Highlighting figures from GERS (Government Expenditure & Revenue in Scotland) for 2010-11, SNP Work and Pensions spokesperson Dr Eilidh Whiteford pointed out that an independent Scotland is financially better placed to fund pensions and welfare compared to the UK as a whole.

The analysis of the figures from GERS for social protection - which includes state pensions and welfare payments - show that the size of Scotland's expenditure stands at 40% of Scottish revenues, less than the 42% for the UK.

Dr Whiteford said:

"Iain Duncan Smith styled himself as the quiet man and, after his ridiculous claims on welfare, I suspect the No campaign he will be hoping he keeps quiet in future.

"The official GERS figures show that spending on social protection as a percentage of total revenues in Scotland is consistently lower than it is in the UK - which means that welfare spending will be more affordable in an independent Scotland.
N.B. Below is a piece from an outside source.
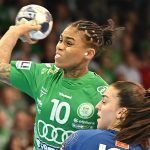 Bruna De Paula, a Győr (b) és Nikolina Martovic, a Buducnost játékosa a női kézilabda Bajnokok Ligája B csoportjának 12. fordulójában játszott Győri Audi ETO KC-Buducnost Podgorica mérkőzésen a győri Audi Arénában 2026. február 7-én.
And with Scotland contributing 9.6% of UK revenue in return for 9.3% of spending, the fact is that Scotland more than pays our way in the UK.

"Just like Mr Duncan Smith refuses to accept the facts about his damaging tax credit changes, the facts show that he completely wrong on Scotland's welfare spend in comparison to the UK.

"Looking at both sides of the balance sheet, over the five-year period from 2006/7 to 2010/11, Scotland was in a stronger financial position relative to the UK as a whole by a total of £8.6 billion- over £1,600 for every man, woman and child in Scotland, or over £3,600 per household. This underlines the opportunities of independence and financial responsibility.

"With unpopular NHS reforms south of the border and the Tory Chancellor eyeing a further £10bn of cuts from the welfare budget according to this morning’s papers, the Westminster government are determined to dismantle the welfare state.

“It is clear Scotland needs independence so that we can deliver a fair and effective welfare system - rather than be on the receiving end of unfair Tory policies - and the figures show that welfare spending in an independent Scotland will be more affordable because it is a smaller share of our tax revenue than is the case for the UK as a whole."